- **Supplied data**:
----
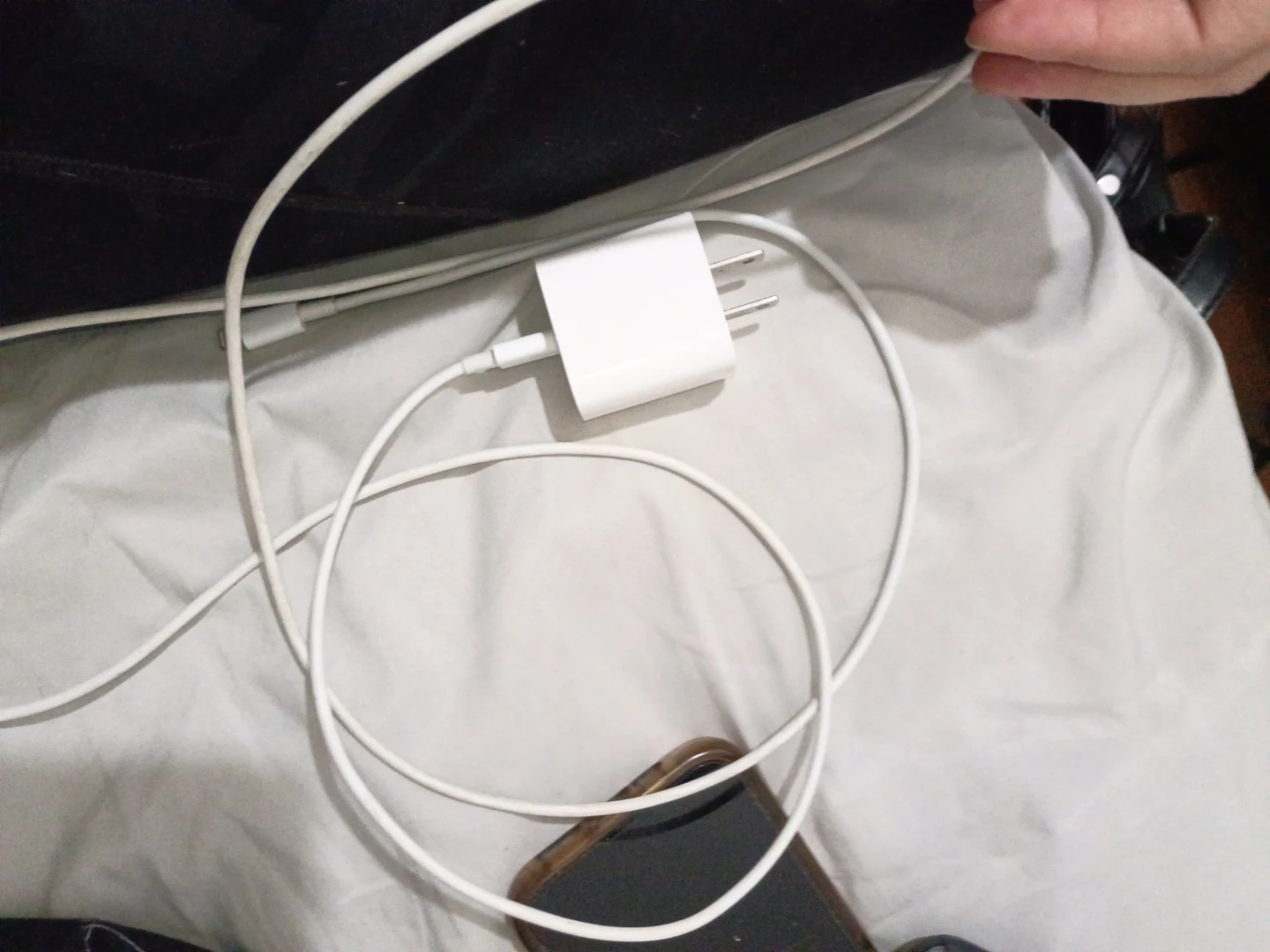 Apple iPhone Charger Block & Cable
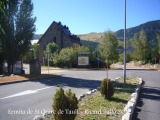 Ermita de Sant Quirc de Taüll - Entrada al lloc anomenat El Pla de l'ermita.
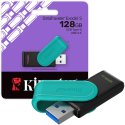 PEN DRIVE 128GB USB 3.2 GEN 1 EXODIA S CON CAPPUCCIO DI PROTEZIONE USB ROTABILE A 360° NERO E VERDE ACQUA DTXS/128GB KINGSTON PEN DRIVE 128GB USB 3.2 GEN 1 EXODIA S CON CAPPUCCIO DI PROTEZIONE USB ROTABILE A 360° NERO E VERDE ACQUA DTXS/128GB KINGSTON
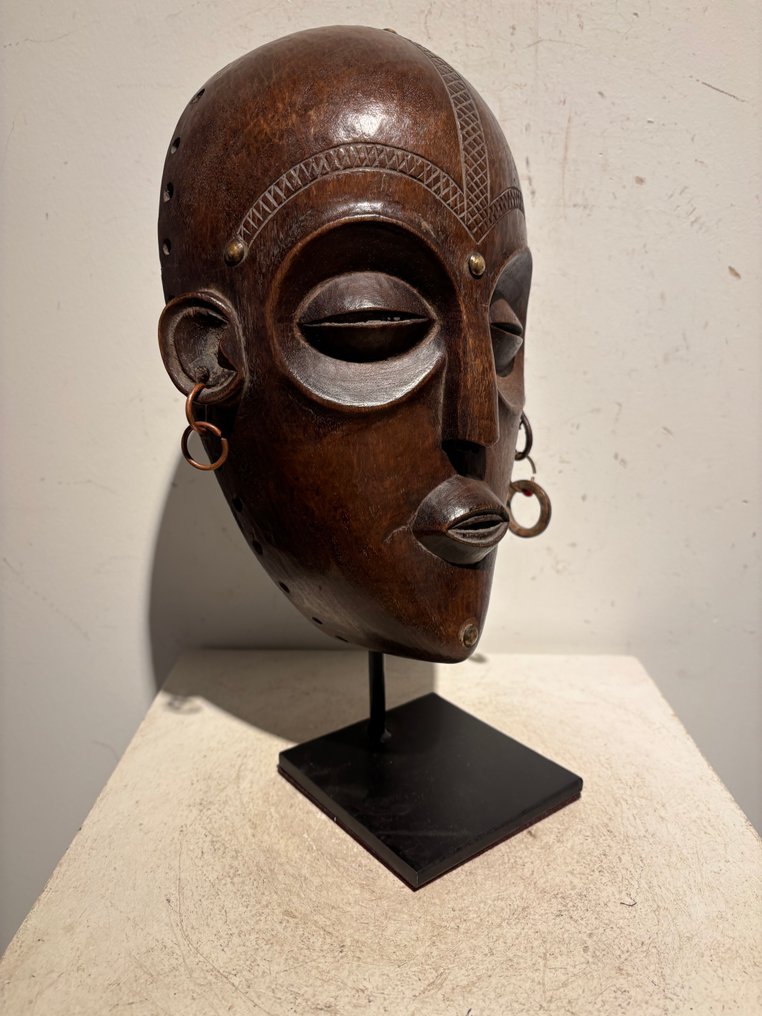 Dansemaske - Chokwe - Kongo  (Ingen reservasjonspris) #4.3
----
- **Your instructions**: The range to set down runs from the line containing "Ermita de Sant" through the final line of the data, both ends included; give it exactly and drop the pictures.

- **Result of the task**:
 Ermita de Sant Quirc de Taüll - Entrada al lloc anomenat El Pla de l'ermita.
 PEN DRIVE 128GB USB 3.2 GEN 1 EXODIA S CON CAPPUCCIO DI PROTEZIONE USB ROTABILE A 360° NERO E VERDE ACQUA DTXS/128GB KINGSTON PEN DRIVE 128GB USB 3.2 GEN 1 EXODIA S CON CAPPUCCIO DI PROTEZIONE USB ROTABILE A 360° NERO E VERDE ACQUA DTXS/128GB KINGSTON
 Dansemaske - Chokwe - Kongo  (Ingen reservasjonspris) #4.3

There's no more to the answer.